Response by poster: Yeah, I think that seems reasonable - basically that they take reservations for Saturday, but not between 6:30 and 8:00 because they probably won't be able to turn over those tables. I will call tomorrow - because they're closed today - and confirm, and hopefully all will be well. And yes, their site could benefit from a bit more clarity...

Thanks, everyone!
posted by Naberius at 10:04 AM on April 20, 2015


They just say they do the two seatings and assume I know how that works.

It means you should call for reservations.
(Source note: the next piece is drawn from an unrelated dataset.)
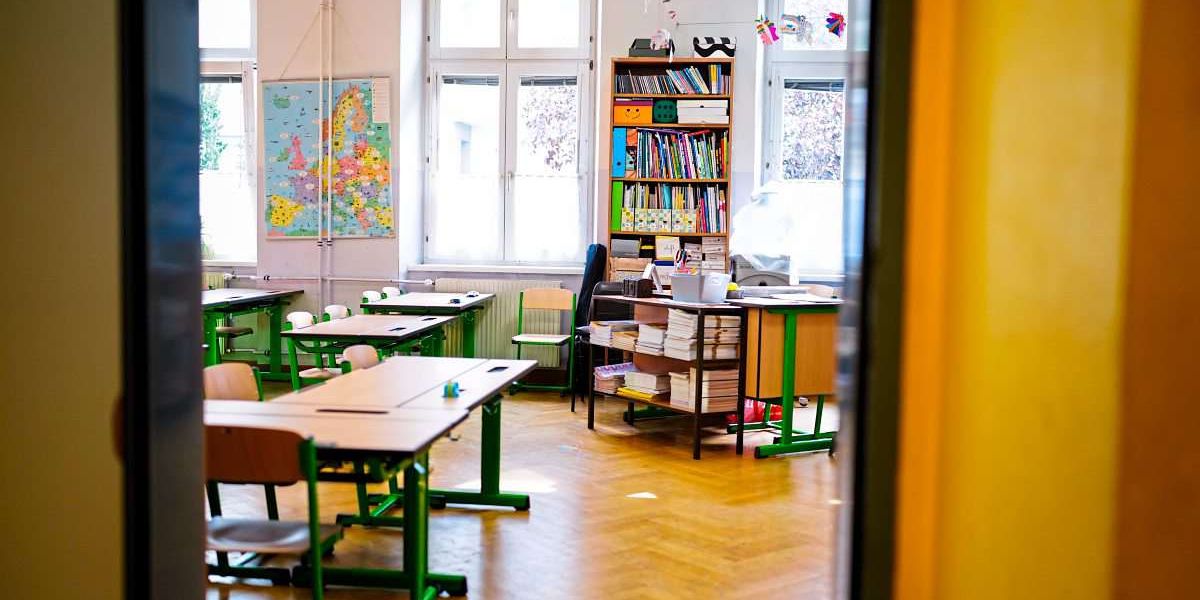 Lehrer-Skandal Erschüttert Österreich: OÖ, NÖ, Wien Betroffen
They are likely popular enough that walk-ups get turned away most of the time. The only way to reliably eat there is to call ahead and thus comply with their schedule. They don't have to say that because the problem is self-correcting in practice. Sucks for you as a casual diner, but their restaurant is still full. They don't see it as a problem.
posted by bonehead at 10:46 AM on April 20, 2015


One other thing to remember is that you don't have to tell them that you've read the website. You could call them up and say "I'd like a reservation for Saturday at 7pm" and then they'd have to explain about their seating policy without ever knowing that you were confused. Not everyone checks the website first, I'm sure they've had to explain it over the phone before.